L'ôde à la mode expérimentale de Courrèges dans sa collection SS25
Quand rétro-futurisme et minimalisme se rencontrent dans une danse hypnotique de style et d'innovation
26 Septembre 2024
Hier, dans le décor froid et austère du Carreau du Temple à Paris, la présentation de la collection SS25 de Courrèges réchauffait les cœurs de tous les amateurs de mode et d’avant-gardisme. Sur le son satisfaisant de billes qui s’entrechoquent s’avance le premier mannequin vêtu d’un manteau cocon en cuir noir, semblable à une petit chenille à l’aura sombre qui ne demande qu’à s’émanciper de sa condition. Le son des billes se retire doucement pour laisser place à Born splippy d’Underworld, un rythme techno des années 90 sur lequel s'enchaînent ensuite les silhouettes suivantes, dans en spectacle tout en fluidité. Des silhouettes qui se suivent et se ressemblent, mais qui esquivent étrangement la redondance, proposant plutôt une évolution croissante et innovante d’une seule et même idée. Les cycles et les répétitions sont les principaux protagonistes du show, l’esthétique rétro-chic est présentée sous un nouveau jour et l’ADN spatial de la Maison Courrèges est respecté, tout en étant enjolivé d’une pointe de modernité.

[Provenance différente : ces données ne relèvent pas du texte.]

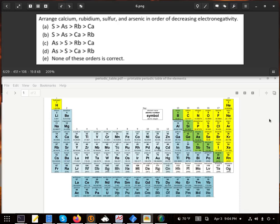We're asked to arrange calcium, rubidium, sulfur, and arsenic in order of decreasing electronegativity — starting with the highest and going to the lowest. All we really need to do is look for our periodic trends here.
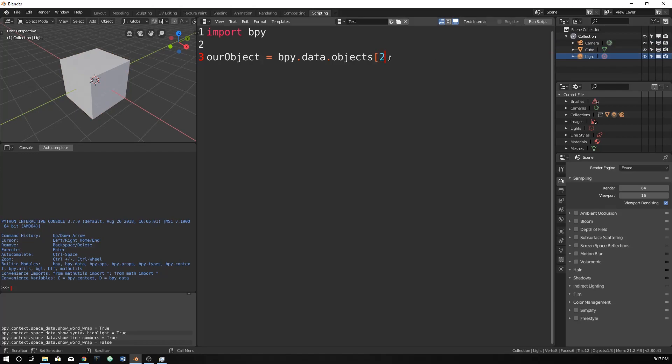So we can do 1 or we could also just type in cube. I just find it easier just to type 1. So I'm going to do that and then I'm going to type in .data just to pull the data of the cube into it.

Après l’ouverture du bal par les fascinants manteaux occulteurs, le corps se découvre et la peau apparait, enveloppée de looks à la silhouette rigide mais pas stricte, à la coupe droite et nette, faits de tissus tantôt opaques, tantôt transparents, dans une palette de couleurs allant du noir (principal leader du défilé) au crème, en passant par le blanc cassé. La taille basse et les tops bandeaux rappelant curieusement une bande de censure sont partout, accompagnés de sandales à talons montant parfois jusqu’en dessous des jupes, prenant ainsi l'allure de leggings, et parfois de lunettes de soleil surdimensionnées en monture en D et en œil d'insecte, une version actualisée de celles appartenant à la FW24. Les tenues qui exposent sans vulgarité aucune le corps des mannequins semblent être composées de deux pièces mais se révèlent en fait être monolithiques une fois qu’on leur accorde l’attention méritée. Les mannequins paraissent revenir tout droit d’une soirée techno de l’espace, mais pas d’allure débridée et de mascara qui coule au programme, juste des looks épurés, propres et lisses dans lesquels on se verrait bien danser jusqu’au bout de la nuit.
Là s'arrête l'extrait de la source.